I'm trying to download and manipulate an xls file using urllib and xlrd.
The data is coming from url http://profiles.doe.mass.edu/search/search_export.aspx?orgCode=&orgType=5,12&runOrgSearch=Y&searchType=ORG&leftNavId=11238&showEmail=N
I'm using Python 2.7, xlrd 0.9.4, urllib 1.17, and I'm on a Mac.
I'm able to successfully download the file using this code.
saveLocation = home_dir+"/test/"
fileName = "data.xls"
page = <the url given above>
urllib.urlretrieve(page, saveLocation+fileName)
I then try to open the file using xlrd
wb = xlrd.open_workbook(saveLocation+fileName)
But get the error
XLRDError: Unsupported format, or corrupt file: Expected BOF record; found '\r\n\r\n<htm'
This tells me that the file is not downloading as a true xls file. I can open the file in Excel and get no popup warnings or compatibility errors.

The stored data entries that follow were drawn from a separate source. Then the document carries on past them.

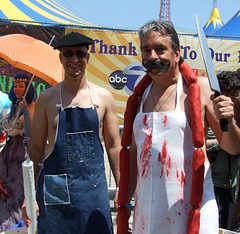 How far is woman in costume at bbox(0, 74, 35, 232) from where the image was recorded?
3.48 m

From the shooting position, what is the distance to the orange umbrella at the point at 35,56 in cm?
374

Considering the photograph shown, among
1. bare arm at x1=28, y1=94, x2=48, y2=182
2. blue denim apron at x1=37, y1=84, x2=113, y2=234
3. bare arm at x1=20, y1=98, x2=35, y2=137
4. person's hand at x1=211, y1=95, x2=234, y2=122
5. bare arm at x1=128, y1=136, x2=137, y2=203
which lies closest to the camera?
person's hand at x1=211, y1=95, x2=234, y2=122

Oddly enough, if I then save the file (in Excel) as Excel 97-2004, the xlrd error goes away. So it appears that Excel "fixes" whatever was wrong with the file.
So my question is, how do I "fix" the file in python or download the data in an appropriate format that xlrd will recognize?
I've also tried downloading the file as an xlsx file and using openpyxl but get a similar error. openpyxl says its not a valid zip file. I've also tried downloading the data using different methods such as requests.
Thanks.
EDIT: Using the information provided by @DSM, I was able to download and use the Excel file. Here's the code I used.
dfs = pd.read_html(fileLocation+fileName, index_col = 7, header=0)[0]
writer = pd.ExcelWriter(fileLocation+fileName)
dfs.to_excel(writer,"Sheet1")
writer.save()
I was then able to access the file as a true Excel file
ws = pd.read_excel(fileLocation+fileName, 0)